- Me: I leave you to begin your stalking toward the ruins. Phloxin and Angel: We stalk. Stalk stalk stalk.
- Angel: We're stalking. We stalk in style.
- Ryken: No fish porn.
- Angel: Whereas my god just tells me to suck it up... Me: No, actually, Selanie's the one sucking it up. Lily: A lot.
- Phloxin: I pick it. Angel: I choose you... Phloxin: I choose you, pickatchu!
- Ryken: Why bother with finding the key when you can just unhinge the door?
- Phloxin (studying her character sheet): Where's my Search? Angel: I don't know. Are they alphabetical? Phloxin: Yes. Shut up.
- Lily (mournfully): Ohhh, I'm somebody's bitch!
- Phloxin: I Ghost Sound some porn music!
- Me: It sounds like it might be the wizard. Angel (a la "Existential Blues"): The Wizard? Phloxin (singing): We're off to slay the wizard...
- Ryken: What's on the other side of the door? Angel (indicating Lily): Her character, getting dominated, I think. Ryken: I hope she's wearing leather.
- Me: Any time you put your penis in someone's mouth, I think you're relinquishing control to them.
- Angel (upon bursting in on the sorceror getting a blowjob): Do we get a surprise round? Ryken: Hell yeah!
- James: I only did one point of damage. Phloxin: You bruised a pubic hair!
- Me: Everyone take note: Cure moderate wounds smells like banana cream pie.
- Angel (to Selanie, currently naked): Are you cold? Ryken: You could probably tell.
- Ryken: Apparently, also the mute paladin.
- Me: When did this become porno night? Ryken: You started it.
- Ryken (on having the party described to him): So it's a wacked-out wet dream. Angel: Yeah, you have twins, a midget, and the hot chick. James: Where does the midget fit in? Ryken: I said wacked-out.
- Phloxin: We're human. Of course our boobs are bigger.
- Me: Those aren't squirrels. Those are mobile genital warts.
- Phloxin: I make my brother scream all the time.
- Angel: It's that whole gangpile thing. Me: Dog pile. Gang bang.
- Me: There's a puppy-dog range and there's a lesbian range. Lily: Yeah, somewhere in between there. Angel: So she's not grabbing my ass... Phloxin: But she's not sniffing it, either.

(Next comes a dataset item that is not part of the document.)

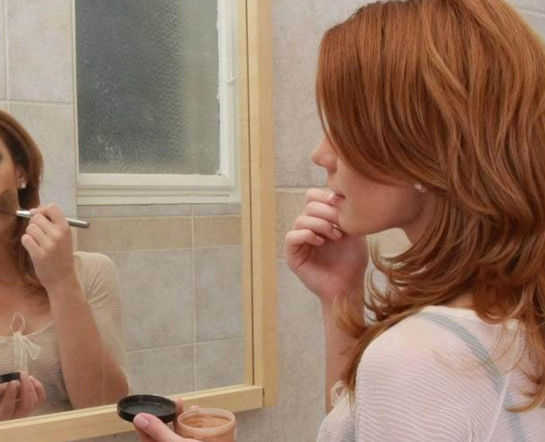 一女孩化妆不为展现自己的美而是看了会让人害怕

- Angel: Is there a convenient campsite that we can avoid?
- Me: Is anybody undead?
- Ryken: Does anything look threatening? The fork skittering across the floor...? Me: Floating in midair, actually. Ryken: Threateningly? Me: Prongs first.
- Ryken: Normally you don't fight these, they're neutral. Me: Yes, but now it's neutral cranky.
- Ryken: You know, I'd care but this isn't my campaign.
- Me: There's a branch off to the left. Lily: Is there a door? Me: No. Lily: Yay!
- Angel: Four hit points? Phloxin: Four. Angel (making the ghetto sign): She's about to step in front of you. And represent.
- Ryken: I am not an XP bonus!
- Angel: Okay, from now on we don't turn left.
- Me: The ghoul attacking Phloxin... Phloxin: I thought I dropped that one. Me: Oh, yeah. Lies there dead.
- Me: You may horf if you choose. Phloxin: I do not choose.
- Lily: You know what? If you jump into the fireball, you die. So don't do it.
- Ryken: I was like...what's this hard object under my hand? Jefe: Randomly beat...fondle...ehh, whatever.
- Ryken: Actually, Sailor Moon wrapped in chains might be cool.
- Ryken: All right, I need a hose and a golf ball.